The new exhibition in the historic Treaty House at Waitangi Treaty Grounds has been announced as a finalist in the ‘Exhibition Excellence – Social History’ category of the Service IQ 2018 New Zealand Museum Awards. The Treaty House exhibition is part of an ongoing programme of development at the Treaty Grounds aimed at enhancing the visitor experience at New Zealand’s most important historic site.
The 2018 award winners will be announced on Sunday 20 May during Museums Aotearoa's 2018 conference in Christchurch which will be attended by over 300 museum professionals from New Zealand and around the world. This is the second time Waitangi Treaty Grounds has been a finalist in the NZ Museum Awards, in 2016 Te Kōngahu Museum of Waitangi won the award for Best Museum Project.

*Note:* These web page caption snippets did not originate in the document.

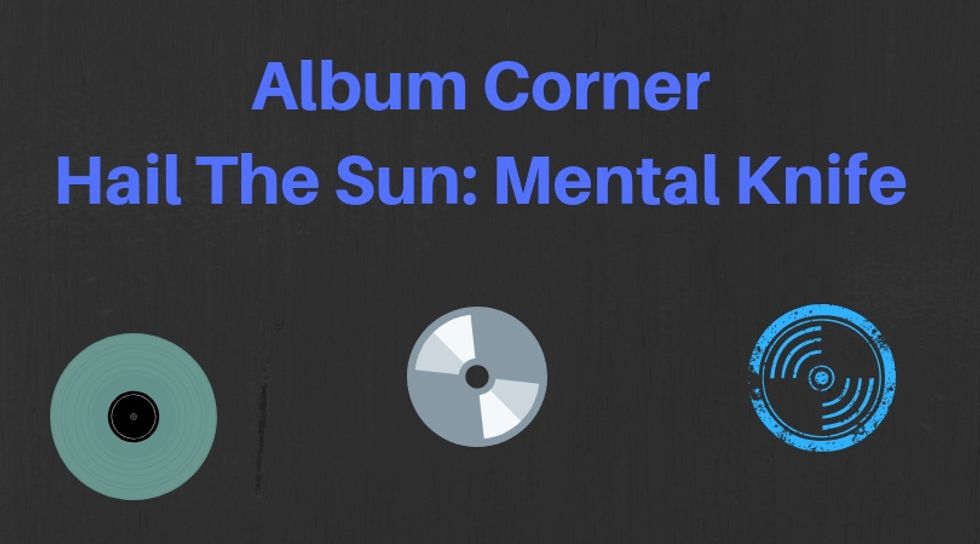 I Listened To Hail The Sun's New Album 'Mental Knife' And Oddly Enough, I Liked It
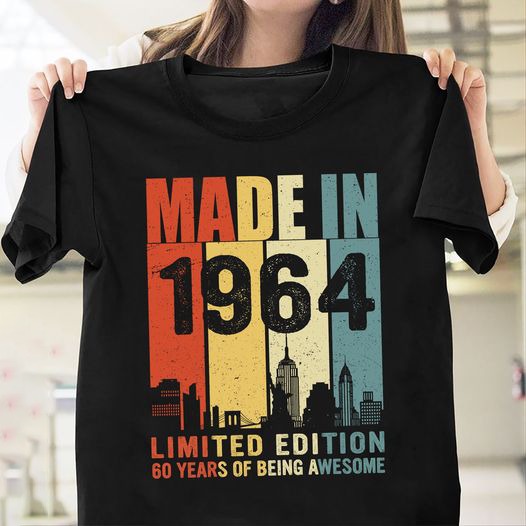 Awesome Birthday Gift Born In 1964 T Shirt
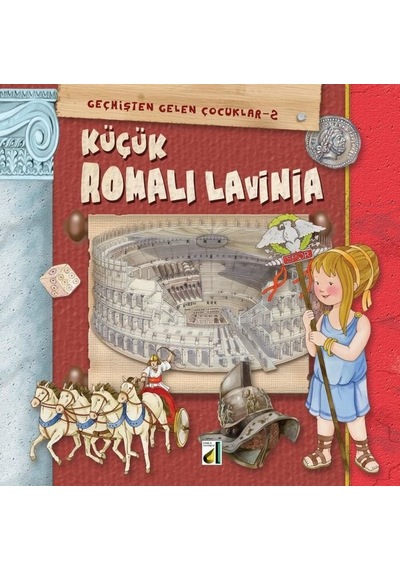 Küçük Romalı Lavinia ( Geçmişten Gelen Çocuklar 2 - Damla Yayınev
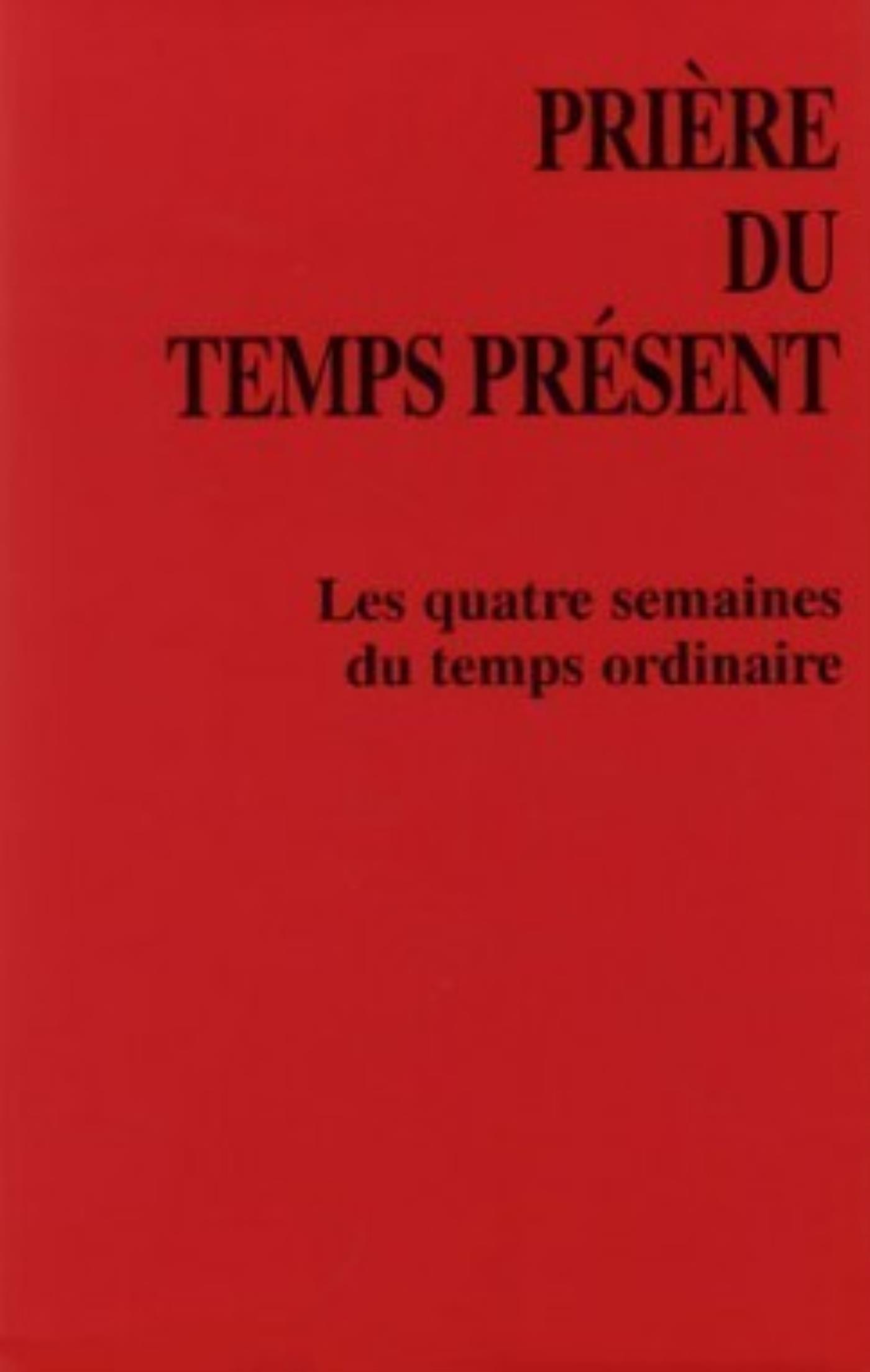 PRIERES DU TEMPS PRESENT TEMPS ORDINAIRE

Waitangi Treaty Grounds CEO Greg McManus is thrilled the exhibition has been named a finalist in the prestigious awards: “It is recognition of all the hard work by so many people in bringing the new exhibition to reality and we are delighted to be a finalist once again. The Treaty House is central to our identity at Waitangi and the new exhibition has been extremely well received by visitors.”
The exhibition was installed by Workshop e, New Zealand’s leading exhibition design company, and opened in October last year. It features several themed rooms with the entrance providing a welcome area, much as it did in 1834 when it was the first British Residency in New Zealand, and it doubled as James Busby’s office. Two rooms are dedicated to the Busby family story and what life must have been like for James, Agnes and their children. The parlour where the finishing touches were made to the Treaty of Waitangi explores Busby’s influence on the English version and his final touches to Rev Henry Williams’ Māori version.
A modern audio visual experience encourages visitors to think about the momentous events that took place in the room and to take in the view outside the house and visualise the scene leading up to the meeting with northern chiefs on 5th February 1840, and the first signing of the Treaty the following day.
Throughout the exhibition, displays are object rich, with large images and digital media presented in a multi-layered approach that caters to all audiences.